Sunday at the park, Chengdu. By Fabio |
Our taxi - that metallic green Volkswagen sedan that is only manufactured and distributed in China - clatters and smokes on the elevated roads that cut across the center of Chengdu. We absentmindedly look at the squares, the parks, the giant screens and billboards. There is also a boat-restaurant, moored along the bank of what can be either an agonizing river or a filthy canal. To be a Chinese metropolis this city is not bad at all though: you can stroll around, people are nice and friendly, prices are reasonable and the cuisine is good, as long as some chili doesn't blow your tongue out.
It's weekend and we are headed for one of those areas where the authorities of every Chinese town love to confine (in accordance with some party guidelines?) the majority of nightclubs and bars. As these places are basically supermarkets of fun they usually belong to chains and big corporations and therefore have the same names everywhere: you can change province, hear new languages, see different faces or customs but you will find a Babyface, a Mix or something like that wherever you go.
Lorenzo's voice untangles me from the messy knot of random thoughts that usually starts to intertwine in my mind after the thirtieth second of silence. The nature of the question makes me guess that the answer is related to a piece of information he has got, of which I am obviously unaware. And that this is the rhetorical device he has chosen to make me long for, anticipate and guess it. Or more likely to mislead me: and in fact, maybe due to the reveries that he has just interrupted, I fall for it in a quite heavily fashion.
"No! Where is he?"
"Come on, where can he possibly be? Either in bed or in the bathroom, right? I bet that in this very moment he's crouching over his favorite squat toilet!"

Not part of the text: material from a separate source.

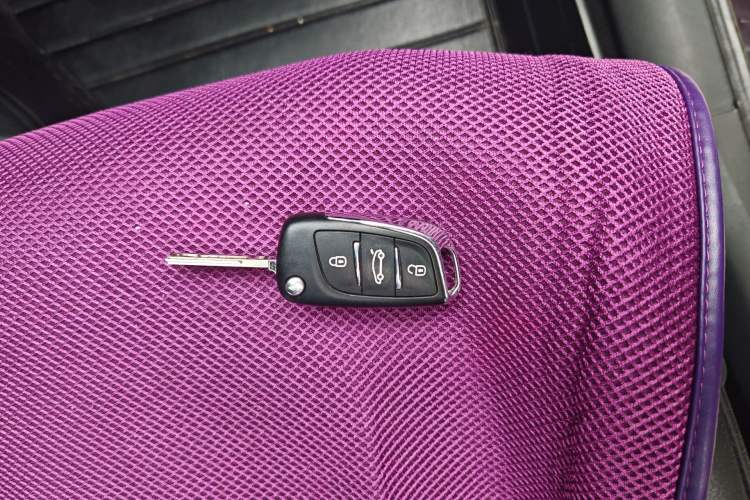 Used DS 5LS 2014 1.6T Elegant Version THP160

The smile that has just appeared on my face is quickly put out by sudden blow of sadness, as I look at the skyline that sways out of the window. We're exploring the city, on our way to a place with some terrible music, crowded with men whose hormones were betrayed by the Maoist demographic policies first and the family planning ones later. And girls who know that they are a succulent minority and therefore pluck those men as if they were daisy petals. We're going to the land of toys of Chengdu, willing to put up with all of it just to have a laugh, to find out new facets of the culture and customs of a country that is often mysterious and sometimes incomprehensible, with the only help of a bottle of beer - held as if it was a torch in a cave - while Luca is clenching his teeth and squeezing his guts to get rid of the poison, virus or bacteria that for two days has not let him venture out of a twenty-meter-radius ideally drawn around a trusted toilet.

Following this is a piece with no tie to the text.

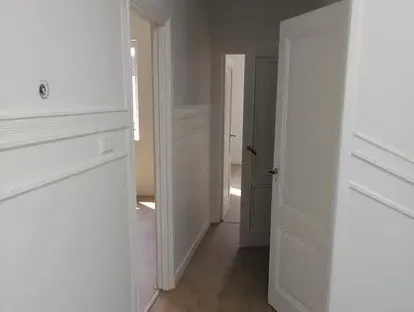 Badkamerrenovatie met zorgvuldig afgestemd sanitair, tegelwerk en verlichting.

What is saddening me is that despite being well past his thirtieth year of age he is still my younger brother. Not that he needs me to be by his side all the time, as when we used to walk down the building to our dead-end street, a helpless 6-year-old child and a little less helpless 8-year-old one, trusted by his mum with his little brother who kept holding on to him with one hand while with the other he was dragging a teddy bear along the sidewalk. The truth is that he has come to China to spend his vacations with me. In a country that can be very tough if you don't know how to move around and if you can't speak a word in Chinese. And most of all if your intestine has been hit by food poisoning, a dysentery that like a sack of concrete is pressing on your shoulders while you squat and endure its blows with your feet glued to the foot rests of an Asian-style toilet until you can't tell anymore if what hurt the most are your thighs or your guts.
While he is trying to sooth the pain with a box of Chinese pills and some Gatorades we order our first beer and look around, commenting and pointing at the scenes and the people that will be the subjects of our memories for years to come.
Even the chain-clubs with the standard names are more cozy in Chengdu: there is often somebody singing on a stage and it's not always the usual sequence of Chinese pop songs. There are also some spacious empty areas that those who don't fancy dancing around a table without chairs can use to carve out a corner for themselves, move around, approach somebody or as we are doing right now just stand and watch what's going on.
My brother is detoxifying himself, among cramps in a dingy toilet and cold sweats in a tiny room - though he could afford a five star hotel or an international hospital - while I'm chatting with Lorenzo. And later, almost by chance, I will meet a girl, who a few months later will come to Kunming where together we'll...hold on, what am I talking about, why do I stray from the point? This was, is and will remain a post strictly based in Chengdu.